EC市場の拡大を受けて、日本国内でも「越境EC」の構築を検討する企業や事業者も多くなりました。ターゲット層を海外に見据えた越境ECを展開する際、国内ECとは異なる施策も必要です。

この記事では越境ECの概要や種類、注意点や市場規模、メリット、デメリット、構築方法や始め方を解説します。

越境ECとは?

越境ECとは?

ECとは日本語で「電子商取引」と訳され、インターネット上での売買取引全般を指します。ECといえば、一般的にオンラインショップ(ECサイト)での買い物やオークション、フリマアプリでの取引などを指す場合が多いです。

ECの規模は国内だけにとどまらず、国を越えた層もターゲットとする越境ECを展開する企業や事業者も増加傾向にあります。越境ECの概要や種類について解説します。

ECについてはこちらの記事で詳しく紹介しています。

【2022年最新版】EC(Eコマース)とは?わかりやすく解説!

越境ECの概要

越境ECとは、国境を越えて行われる電子商取引を指します。インターネットを活用することで、場所や時間の制約を受けずに取引が可能となりました。ECサイトでのターゲット層を日本国内のみとするのではなく、海外へ向けて商品を販売するために構築されるのが、越境ECサイトです。

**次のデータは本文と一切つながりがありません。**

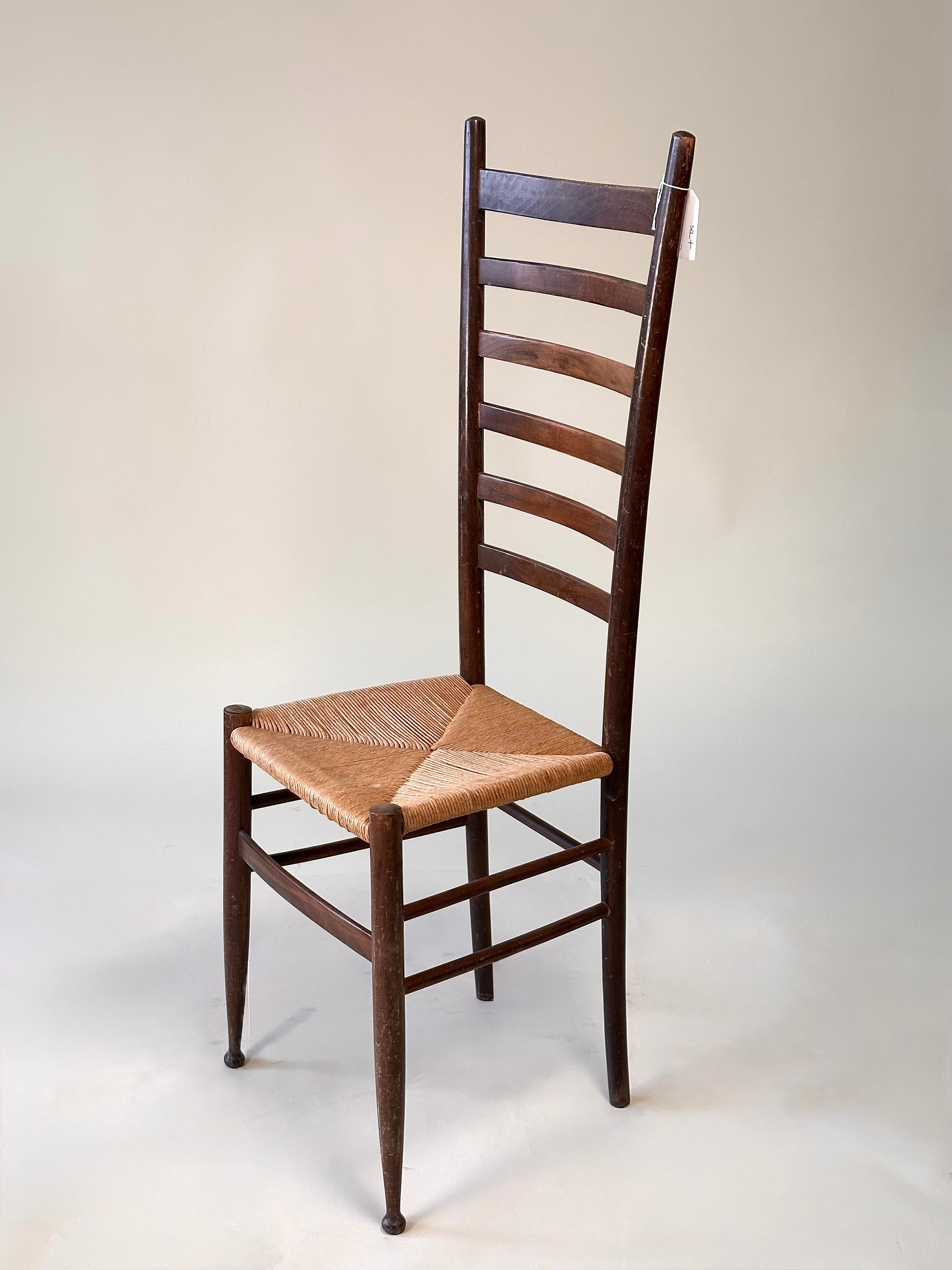 Chaise "ladder back" artisanale en bois avec assise tressée, circa 1960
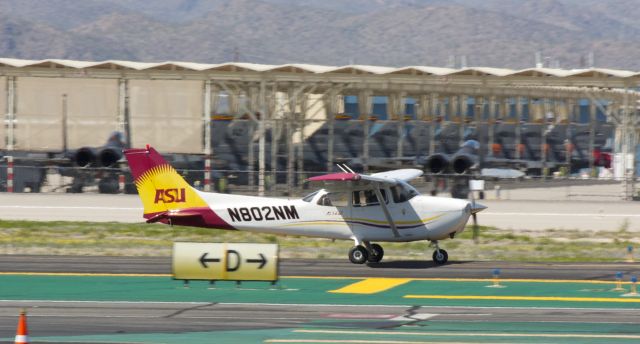 Cessna Skyhawk (N802NM)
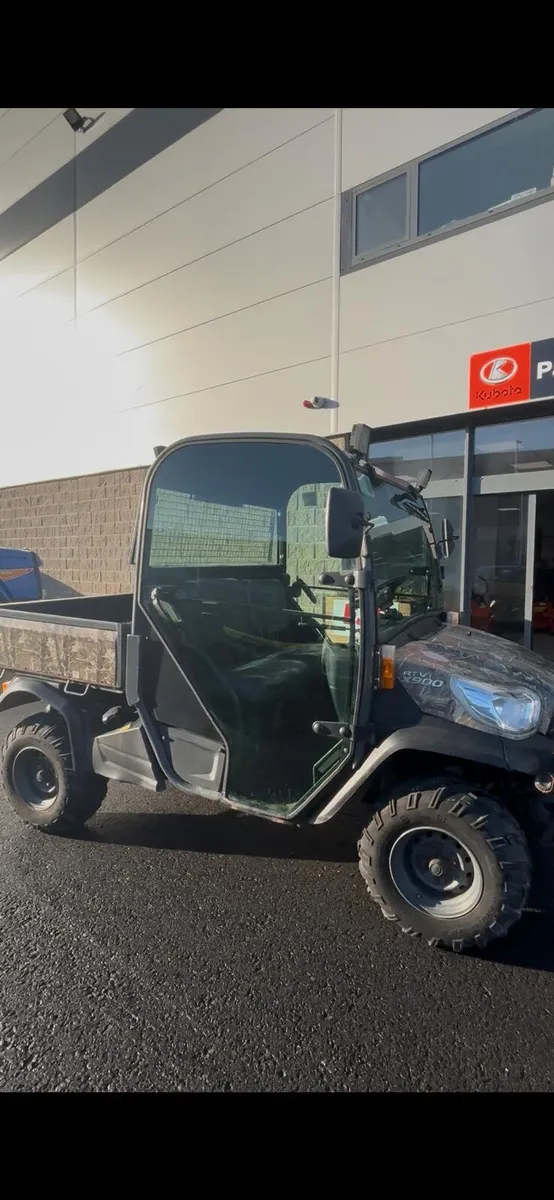 Kubota RTVX900 - Image 2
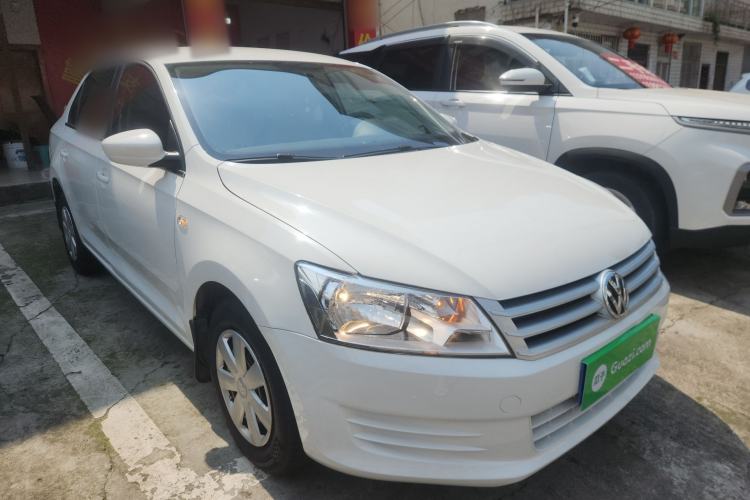 Used Volkswagen Santana 2015 1.4L Manual Fashion Edition Front Right 45 Deg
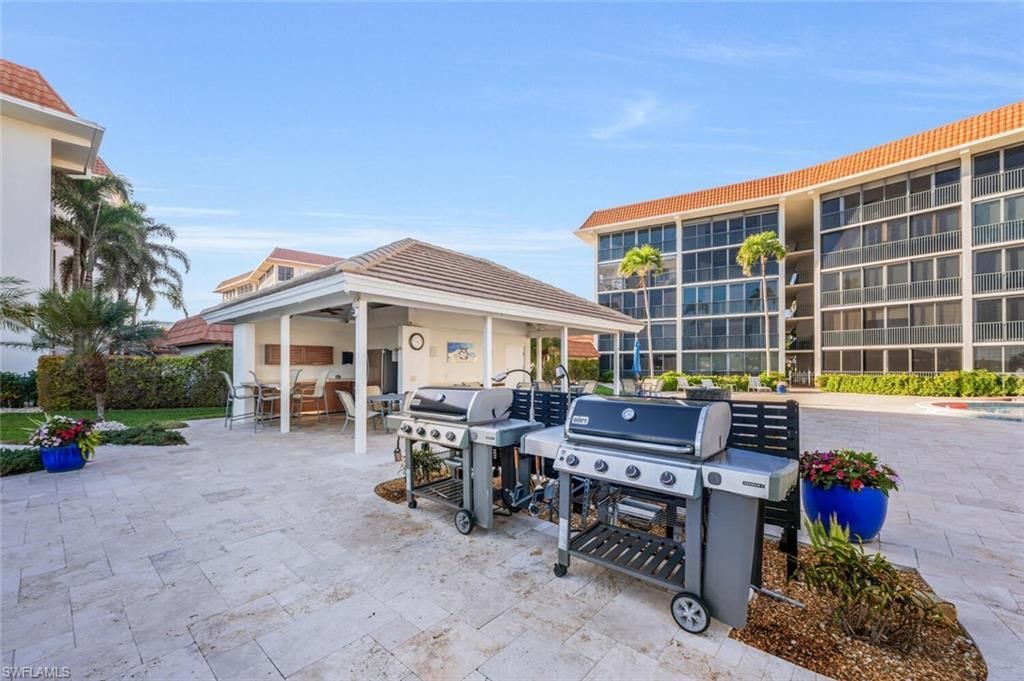 222 Harbour Dr, Unit 218, Naples, FL 34103 Photo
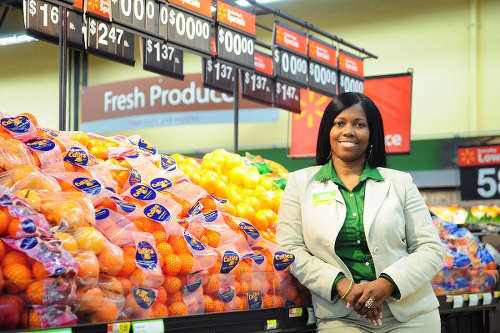 Photo: A grocery manager on the job.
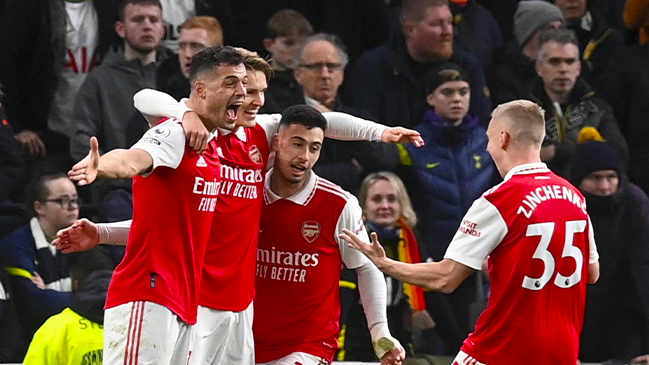 Autogol de Lloris y golazo de Odegaard guiaron el triunfo de Arsenal en su visita a Tottenham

越境ECサイトはターゲットを海外の顧客としているため、以下の特徴があります。

  • 日本語以外の言語に対応している
  • 日本円以外の通貨に対応している
  • PayPalなど海外でメジャーな支払方法に対応している
  • 海外発送に対応している など

越境ECの種類

日本国内の消費者向けのECサイトと同じように、越境ECサイトもさまざまな構築方法があります。おもな越境ECの種類を紹介します。

自社EC型

自社で構築、運用する越境ECサイトです。国内向けECサイトと同じく、ASP型、パッケージ型、オープンソース型、フルスクラッチとさまざまな構築方法があります。ASPやパッケージのなかには越境ECサイトの構築に特化したカートやプラットフォームの提供や、機能の追加に対応しているものもあります。

モール型

越境ECの運用が認められている、海外現地のECモールに出店して商品を販売する方法です。日本の代表的なECモールにはAmazonや楽天、Yahoo!ショッピングなどがありますが、欧米ではAmazonやeBayなどのECモールに出店することで越境ECを行なうことができます。中国では天猫国際(Tmall Global)や京東全球購(JD Worldwide)などが、越境ECが認められている代表的なECモールです。

保税区活用型

中国を対象とした越境ECの中には、保税区を活用したものもあります。中国現地の保税区に倉庫を設け、ECサイトで商品が購入されたら、倉庫から商品を発送します。現地に商品倉庫を設けることで日本国内からの発送が不要です。顧客へスピーディに商品を届けられる、配送料を抑えられるなどのメリットが得られます。

代行販売型

海外への代行販売を行う業者に商品を買い取ってもらい、代行業者を通じて海外の顧客へ商品を販売・発送する方法です。越境ECサイトを構築しなくても、越境ECの運用ができるほか通貨や配送、言語などの越境ECの障壁となる要素も排除しやすいメリットもあります。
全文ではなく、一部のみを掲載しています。